BACKGROUND: The NIHSS is an indispensable tool that aids in the decision-making of acute stroke management. Posterior circulation strokes often have lower NIHSS scores. This may result in withholding treatment with IV tPA and poor outcome in this population. We aimed to assess the predictive value of the NIHSS on poor functional outcome in anterior circulation (AC) versus posterior circulation (PC) strokes.
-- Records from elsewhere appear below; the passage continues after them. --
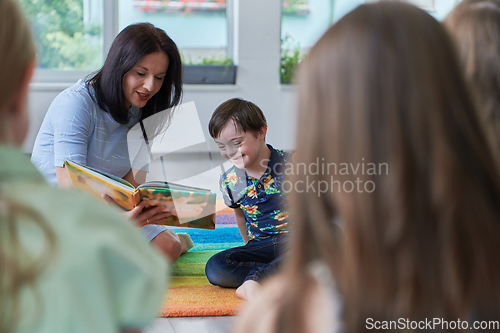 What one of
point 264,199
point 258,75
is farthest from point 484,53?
point 258,75

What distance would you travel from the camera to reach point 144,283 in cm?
46

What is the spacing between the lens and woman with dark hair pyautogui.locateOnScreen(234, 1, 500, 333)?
1.55 ft

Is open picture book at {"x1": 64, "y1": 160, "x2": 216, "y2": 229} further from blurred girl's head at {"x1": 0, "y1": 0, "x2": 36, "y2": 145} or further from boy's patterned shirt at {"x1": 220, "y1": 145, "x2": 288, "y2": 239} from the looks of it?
blurred girl's head at {"x1": 0, "y1": 0, "x2": 36, "y2": 145}

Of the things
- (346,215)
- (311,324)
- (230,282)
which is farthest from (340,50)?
(230,282)

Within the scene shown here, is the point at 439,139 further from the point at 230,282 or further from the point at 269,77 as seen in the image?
the point at 269,77

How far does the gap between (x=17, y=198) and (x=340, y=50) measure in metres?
0.36

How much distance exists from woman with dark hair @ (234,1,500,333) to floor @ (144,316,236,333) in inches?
34.0

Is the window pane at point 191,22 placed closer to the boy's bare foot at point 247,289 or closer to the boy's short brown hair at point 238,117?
the boy's short brown hair at point 238,117

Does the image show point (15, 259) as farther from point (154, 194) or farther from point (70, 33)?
point (70, 33)

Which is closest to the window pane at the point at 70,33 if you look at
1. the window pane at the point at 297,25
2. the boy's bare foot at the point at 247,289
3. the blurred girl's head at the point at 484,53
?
the window pane at the point at 297,25

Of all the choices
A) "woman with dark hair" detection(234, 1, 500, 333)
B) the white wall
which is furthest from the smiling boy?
the white wall

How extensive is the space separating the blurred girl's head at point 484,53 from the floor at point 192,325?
0.87 metres

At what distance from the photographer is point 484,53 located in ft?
2.63

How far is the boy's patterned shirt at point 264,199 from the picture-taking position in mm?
1832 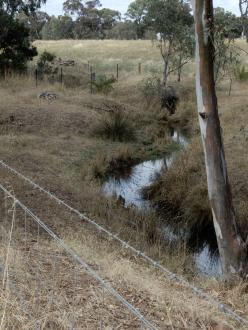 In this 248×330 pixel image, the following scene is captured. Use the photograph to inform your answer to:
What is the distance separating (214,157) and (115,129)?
10.2 metres

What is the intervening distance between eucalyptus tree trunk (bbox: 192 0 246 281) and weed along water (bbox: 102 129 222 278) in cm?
73

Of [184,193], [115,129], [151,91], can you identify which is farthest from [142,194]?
[151,91]

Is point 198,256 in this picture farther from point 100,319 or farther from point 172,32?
point 172,32

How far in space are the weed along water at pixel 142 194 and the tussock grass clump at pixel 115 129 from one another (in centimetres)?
161

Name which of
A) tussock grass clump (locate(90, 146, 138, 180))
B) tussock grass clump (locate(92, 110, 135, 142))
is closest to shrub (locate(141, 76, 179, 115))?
tussock grass clump (locate(92, 110, 135, 142))

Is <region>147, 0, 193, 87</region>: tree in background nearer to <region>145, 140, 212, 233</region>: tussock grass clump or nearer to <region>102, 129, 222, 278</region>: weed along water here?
<region>102, 129, 222, 278</region>: weed along water

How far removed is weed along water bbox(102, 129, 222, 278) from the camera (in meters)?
7.95

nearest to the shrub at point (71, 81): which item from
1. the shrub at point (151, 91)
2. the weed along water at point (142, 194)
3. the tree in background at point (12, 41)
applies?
the tree in background at point (12, 41)

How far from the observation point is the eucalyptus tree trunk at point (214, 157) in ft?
19.6

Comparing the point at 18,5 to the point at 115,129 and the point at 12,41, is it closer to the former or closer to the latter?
the point at 12,41

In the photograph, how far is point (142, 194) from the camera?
453 inches

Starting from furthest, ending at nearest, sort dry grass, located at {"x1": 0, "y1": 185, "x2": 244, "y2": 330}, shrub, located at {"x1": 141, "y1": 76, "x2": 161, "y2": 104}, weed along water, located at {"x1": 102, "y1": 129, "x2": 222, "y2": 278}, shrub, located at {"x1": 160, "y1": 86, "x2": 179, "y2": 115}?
1. shrub, located at {"x1": 141, "y1": 76, "x2": 161, "y2": 104}
2. shrub, located at {"x1": 160, "y1": 86, "x2": 179, "y2": 115}
3. weed along water, located at {"x1": 102, "y1": 129, "x2": 222, "y2": 278}
4. dry grass, located at {"x1": 0, "y1": 185, "x2": 244, "y2": 330}

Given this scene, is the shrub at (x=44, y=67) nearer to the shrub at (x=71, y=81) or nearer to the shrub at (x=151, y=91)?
the shrub at (x=71, y=81)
METHODS: This was a retrospective analysis of a prospectively collected database from a single center. Adult patients admitted to the stroke service with acute ischemic stroke from January 2000 through December 2011 were included. Data collected included demographics, initial NIHSS, vascular distribution of infarct, complications, and outcome at 3 months. Since this study focused on minor strokes, death or disability was defined as death or a score of < 18 on the modified Barthel Index (BI) scale. RESULTS: The analysis included 1,197 patients with AC stroke and 372 with PC stroke. Table 1 lists the characteristics of the two groups. The NIHSS score on admission was lower in PC stroke and the majority (63%) of PC stroke patients had baseline NIHSS scores < 4. AC stroke patients were more likely to be treated with IV tPA or endovascular treatment. Surprisingly, 15% of patients with posterior circulation strokes and admission NIHSS score < 4 had death or disability at 3 months. On multivariable analyses, higher NIHSS score was an independent predictor of death or disability at 3 months in both AC (OR 1.20, 95% CI 1.17-1.23, p <0.001) and PC (1.15, 1.08-1.21, p <0.001) stroke. In PC stroke, treatment with IV tPA was a strong predictor of excellent outcome at 3 months (OR 5.62, 95% CI 1.06-29.9, p < 0.05). CONCLUSION: There is a potential risk for death or disability in patients with PC stroke even with low NIHSS scores. These data suggest that treatment with IV tPA should not be withheld from patients with PC stroke syndromes based on the NIHSS score.